Scientists have discovered a link that could help predict tornadoes months in advance.

COLUMBIA --- University of Missouri researchers say the Pacific Ocean could be a determining factor in the strength and location of tornadoes during severe weather season. Scientists say when the ocean's surface has a higher temperature, they've noticed tornadoes are more frequent in the west and north of tornado alley. There are also stronger ones rated EF-2 through EF-5 when the ocean is warmer.

On the other hand, more tornadoes are seen in states farther east and south when the ocean's temperature is cooler.
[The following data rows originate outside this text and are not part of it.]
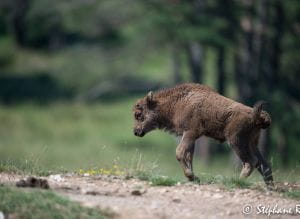Bisonneau de la Réserve des Monts d'Azur (Haut Thorenc)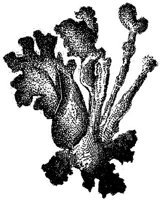 HPN033DC.JPG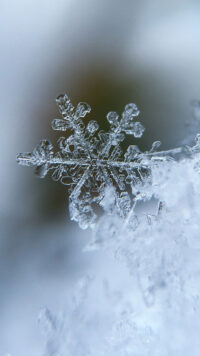 Snowflake Wallpaper 1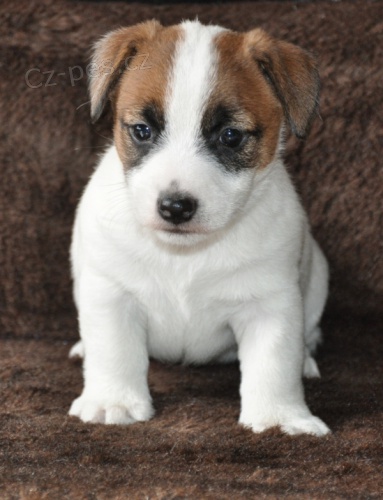 Jack Russell terrier s PP Jack Russell terrier s PP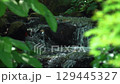 Serage 129445327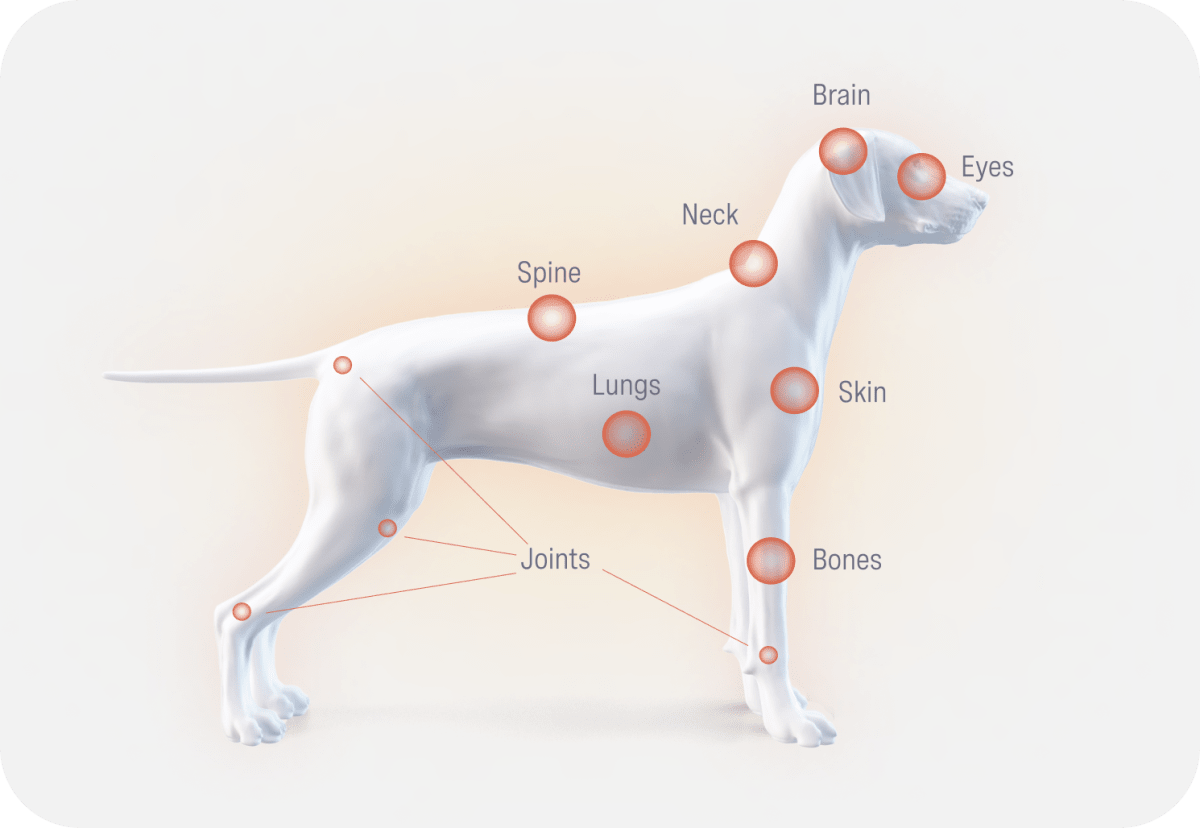 Diagram of a dog with the highlights of joints and different potential impact areas caused by Valley Fever.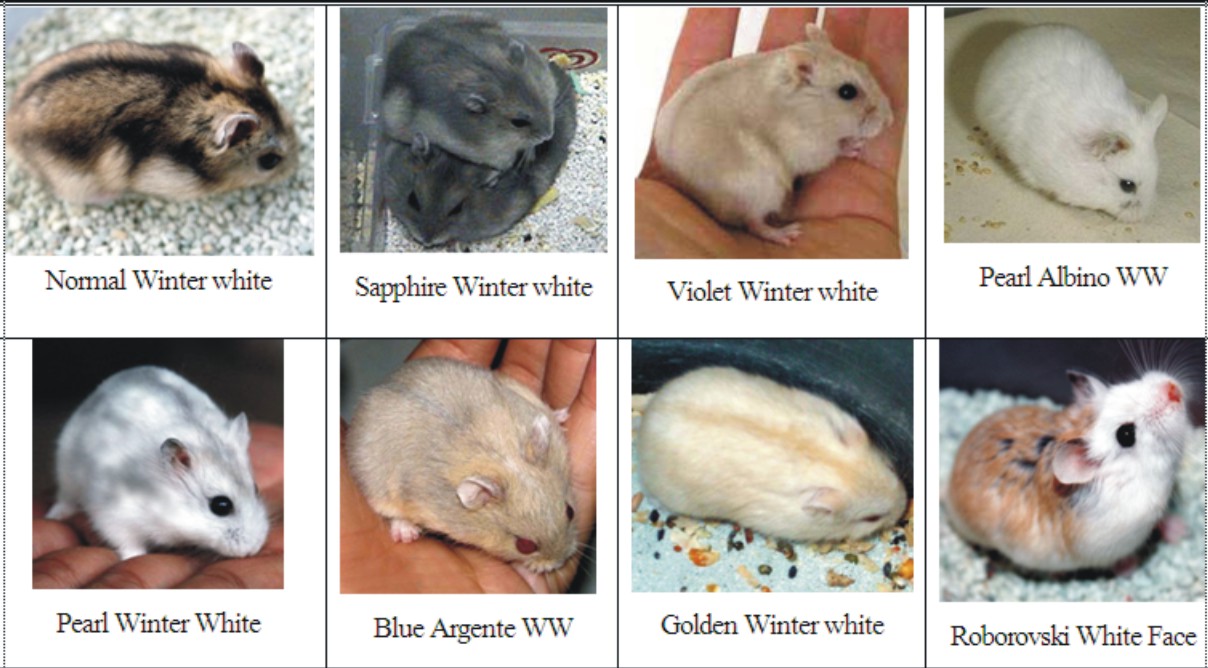 hamzhamzblog: jenis-jenis hamster yang ada di indonesia= Campbell dan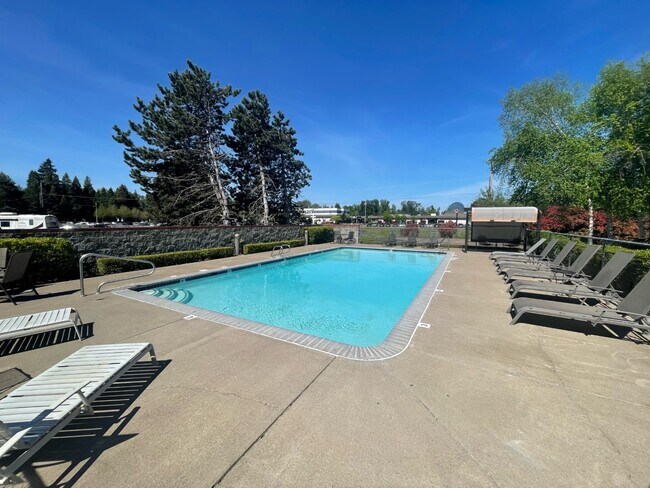 Piscina - Heron Club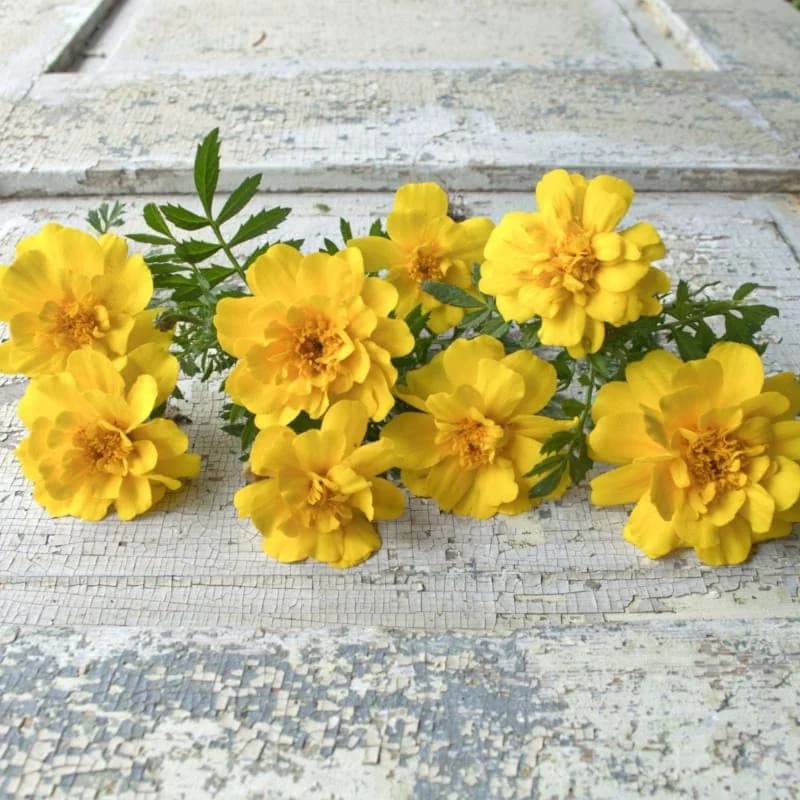 Safari Yellow Marigold Seeds — Bright Golden Blooms - Main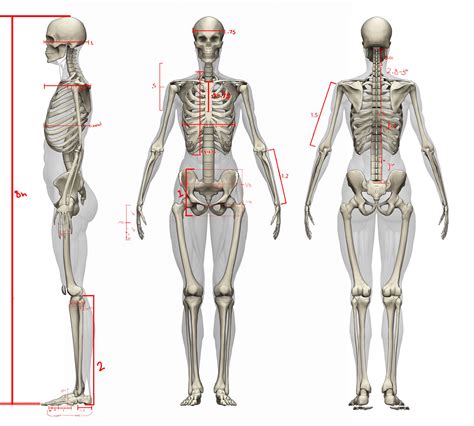 Human Anatomy Female Skeleton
Researchers hope their study will help community and state officials prepare for future severe weather events.

"The importance of looking a season ahead is that the state emergency management officials can prepare in case there is a large event like we had in Joplin," says Professor Tony Lupo, MU Atmospheric Science

"What we hope for our research that it can be used as a tool for states to use for budget planning for tornado relief during a typical summer or spring season," says Laurel McCoy, MU Atmospheric Science Graduate Student.

Currently, researchers say the Pacific is in a "cool" phase, so they are predicting more tornadic events for states like Alabama, Tennessee, Illinois, and Indiana this year. These new findings will be presented to meteorologists from across the nation this weekend at the National Weather Association Conference in South Carolina.